Il y a environ deux mois, par une (très très ) fraiche nuit de printemps, je fis face à une rare insomnie (ça ne m’était pas arrivé depuis que j’ai des enfants, et pour cause : la nuit, JE DORS… sinon je crève…).
Je ne me souvenais plus quel était l’usage dans une telle situation. Et puis ça m’est revenu : quand tu te réveilles la nuit, tu grignotes en regardant des clips à la télé (ou des rediffusions des sitcoms d’AB Production).
Je me suis donc levée et suis allée m’installer dans le salon. Je n’avais pas faim, alors je me suis contenté d’allumer la télé. Et c’est là que je l’ai découvert : le fameux clip de Robin Thicke, «Blurred Lines».
J’en avais entendu parler : le clip, sorti en mars dernier, a été censuré parce qu’il était tout rempli de femmes en petites culottes. Oui, c’était atroce : on voyait leurs seins.
Cette nuit-là, j’ai eu droit à la version «gentille» : les filles ne sont QUE en soutien-gorges et petites culottes, voire shorts ras la chose…

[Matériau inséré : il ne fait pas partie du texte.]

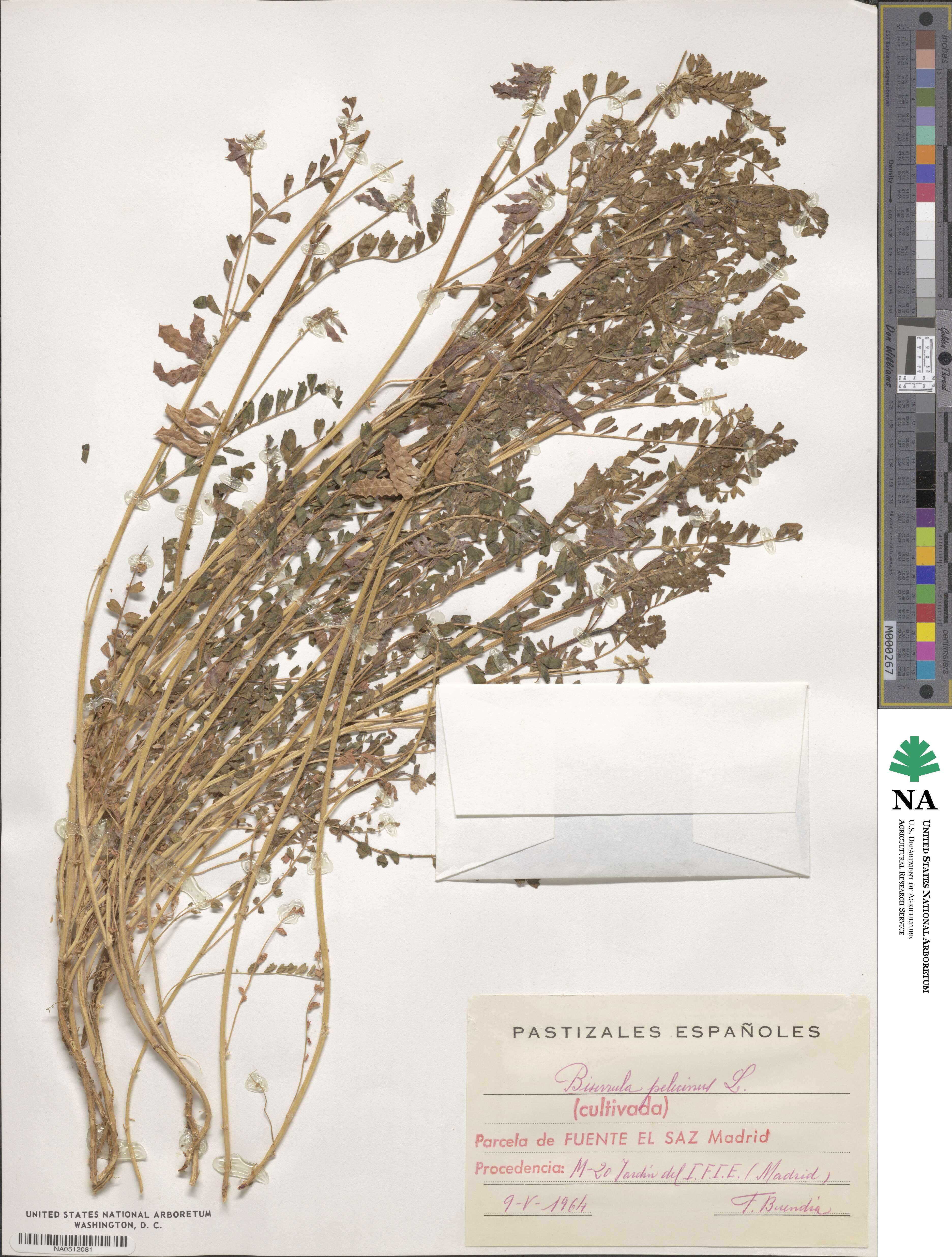 Biserrula pelecinus image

Alors je me suis interrogée… La version gentille montrait des nanas se trémoussant en sous-vêtements autour d’un mec qui leur hurle à la face : «t’es la plus belle salope de la pièce» en les agrippant par la queue de cheval. À quoi pouvait donc bien ressembler la version «coquine»?

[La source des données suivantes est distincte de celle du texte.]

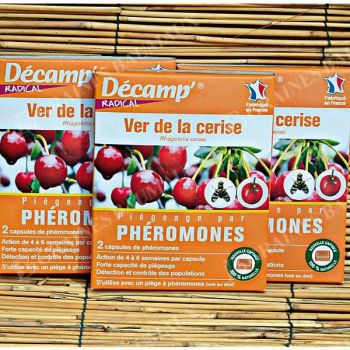 PHÉROMONE contre le VER de la CERISE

Dans un souci d’analyse juste et scientifique, je suis donc allée chercher sur Internet la version dite «naughty» (la vilaine quoi). Rien de bien extraordinaire : il y avait des seins. Point.
Le temps a passé, j’ai laissé Robin Thicke et ses minettes dans un coin de ma tête sans trop m’y intéresser.

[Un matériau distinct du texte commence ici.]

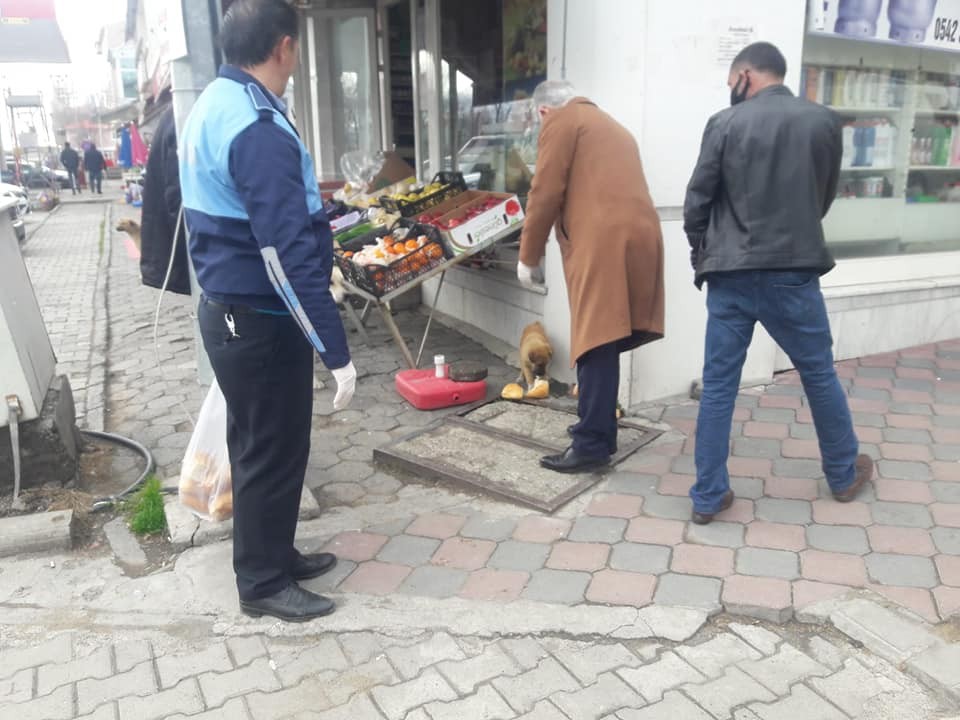 Başkan Altay, sokak hayvanlarını unutmadı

Mais à chaque fois que j’en entendais parler, je replongeais dans mon introspection (parce qu’on en a beaucoup parlé : le mec à osé montrer des filles nues à la télévision. C’est tellement rare et extraordinaire que ça a fait un tabac…).
Ce qui me taraudait, c’était cette histoire de double version : une version avec nichons, une version avec soutien-gorges.
Je ne comprenais pas : on voyait des poitrines, plutôt jolies. Du genre bien rondes, fermes, généreuses, qui tiennent toutes seules. Le genre que si la mienne ressemblait à ça je passerais moi aussi mon temps à la montrer à la télé. Par gentillesse : comme un cadeau à l’humanité. Une démarche d’esthète, en fait.
Mais, une fois de plus, je gardais mes réflexions pour moi et allai écouter Rihanna un petit coup, histoire de rester quand même dans le vent (Rihanna, qui a la subtilité de ne jamais apparaître nue, même si elle en a toujours l’air…).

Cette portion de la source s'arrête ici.